**Task details:**
Without omitting anything, copy the data exactly.

**Exercise material:**

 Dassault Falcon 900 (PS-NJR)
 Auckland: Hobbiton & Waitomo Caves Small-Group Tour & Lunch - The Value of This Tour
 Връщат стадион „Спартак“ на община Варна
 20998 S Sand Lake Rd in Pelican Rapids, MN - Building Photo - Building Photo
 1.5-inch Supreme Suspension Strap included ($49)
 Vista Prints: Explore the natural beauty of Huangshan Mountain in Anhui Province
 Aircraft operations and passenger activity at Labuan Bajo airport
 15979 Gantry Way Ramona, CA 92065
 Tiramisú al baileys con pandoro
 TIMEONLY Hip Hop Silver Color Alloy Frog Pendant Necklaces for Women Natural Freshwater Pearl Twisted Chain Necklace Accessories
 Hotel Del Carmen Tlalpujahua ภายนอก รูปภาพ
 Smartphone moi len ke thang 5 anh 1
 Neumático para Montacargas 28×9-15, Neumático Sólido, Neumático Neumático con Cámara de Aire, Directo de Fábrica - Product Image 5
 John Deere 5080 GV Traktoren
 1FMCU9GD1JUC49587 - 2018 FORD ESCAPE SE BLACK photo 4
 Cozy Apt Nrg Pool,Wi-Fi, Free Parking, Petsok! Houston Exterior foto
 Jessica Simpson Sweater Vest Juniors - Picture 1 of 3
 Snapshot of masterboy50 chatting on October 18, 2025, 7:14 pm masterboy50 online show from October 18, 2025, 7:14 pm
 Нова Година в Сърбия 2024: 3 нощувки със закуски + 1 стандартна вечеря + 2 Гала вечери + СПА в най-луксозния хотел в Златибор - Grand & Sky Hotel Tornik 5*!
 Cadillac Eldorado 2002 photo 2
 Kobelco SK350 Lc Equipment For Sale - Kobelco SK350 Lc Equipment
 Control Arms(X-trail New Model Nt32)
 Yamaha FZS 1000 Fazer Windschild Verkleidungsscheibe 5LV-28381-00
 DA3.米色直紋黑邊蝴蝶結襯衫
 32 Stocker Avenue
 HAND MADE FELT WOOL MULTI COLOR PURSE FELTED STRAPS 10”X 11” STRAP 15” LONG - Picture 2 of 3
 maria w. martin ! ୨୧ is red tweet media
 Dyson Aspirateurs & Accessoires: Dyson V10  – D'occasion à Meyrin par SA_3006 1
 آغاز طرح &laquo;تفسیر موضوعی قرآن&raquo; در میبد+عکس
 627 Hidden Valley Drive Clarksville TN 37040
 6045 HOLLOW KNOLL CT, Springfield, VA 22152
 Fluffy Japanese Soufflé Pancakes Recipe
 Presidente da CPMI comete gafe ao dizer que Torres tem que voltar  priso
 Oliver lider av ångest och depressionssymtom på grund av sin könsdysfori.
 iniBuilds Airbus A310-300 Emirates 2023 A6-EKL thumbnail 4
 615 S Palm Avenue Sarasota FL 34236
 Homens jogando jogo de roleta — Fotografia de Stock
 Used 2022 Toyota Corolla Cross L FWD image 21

**Answer space:**
 Dassault Falcon 900 (PS-NJR)
 Auckland: Hobbiton & Waitomo Caves Small-Group Tour & Lunch - The Value of This Tour
 Връщат стадион „Спартак“ на община Варна
 20998 S Sand Lake Rd in Pelican Rapids, MN - Building Photo - Building Photo
 1.5-inch Supreme Suspension Strap included ($49)
 Vista Prints: Explore the natural beauty of Huangshan Mountain in Anhui Province
 Aircraft operations and passenger activity at Labuan Bajo airport
 15979 Gantry Way Ramona, CA 92065
 Tiramisú al baileys con pandoro
 TIMEONLY Hip Hop Silver Color Alloy Frog Pendant Necklaces for Women Natural Freshwater Pearl Twisted Chain Necklace Accessories
 Hotel Del Carmen Tlalpujahua ภายนอก รูปภาพ
 Smartphone moi len ke thang 5 anh 1
 Neumático para Montacargas 28×9-15, Neumático Sólido, Neumático Neumático con Cámara de Aire, Directo de Fábrica - Product Image 5
 John Deere 5080 GV Traktoren
 1FMCU9GD1JUC49587 - 2018 FORD ESCAPE SE BLACK photo 4
 Cozy Apt Nrg Pool,Wi-Fi, Free Parking, Petsok! Houston Exterior foto
 Jessica Simpson Sweater Vest Juniors - Picture 1 of 3
 Snapshot of masterboy50 chatting on October 18, 2025, 7:14 pm masterboy50 online show from October 18, 2025, 7:14 pm
 Нова Година в Сърбия 2024: 3 нощувки със закуски + 1 стандартна вечеря + 2 Гала вечери + СПА в най-луксозния хотел в Златибор - Grand & Sky Hotel Tornik 5*!
 Cadillac Eldorado 2002 photo 2
 Kobelco SK350 Lc Equipment For Sale - Kobelco SK350 Lc Equipment
 Control Arms(X-trail New Model Nt32)
 Yamaha FZS 1000 Fazer Windschild Verkleidungsscheibe 5LV-28381-00
 DA3.米色直紋黑邊蝴蝶結襯衫
 32 Stocker Avenue
 HAND MADE FELT WOOL MULTI COLOR PURSE FELTED STRAPS 10”X 11” STRAP 15” LONG - Picture 2 of 3
 maria w. martin ! ୨୧ is red tweet media
 Dyson Aspirateurs & Accessoires: Dyson V10  – D'occasion à Meyrin par SA_3006 1
 آغاز طرح &laquo;تفسیر موضوعی قرآن&raquo; در میبد+عکس
 627 Hidden Valley Drive Clarksville TN 37040
 6045 HOLLOW KNOLL CT, Springfield, VA 22152
 Fluffy Japanese Soufflé Pancakes Recipe
 Presidente da CPMI comete gafe ao dizer que Torres tem que voltar  priso
 Oliver lider av ångest och depressionssymtom på grund av sin könsdysfori.
 iniBuilds Airbus A310-300 Emirates 2023 A6-EKL thumbnail 4
 615 S Palm Avenue Sarasota FL 34236
 Homens jogando jogo de roleta — Fotografia de Stock
 Used 2022 Toyota Corolla Cross L FWD image 21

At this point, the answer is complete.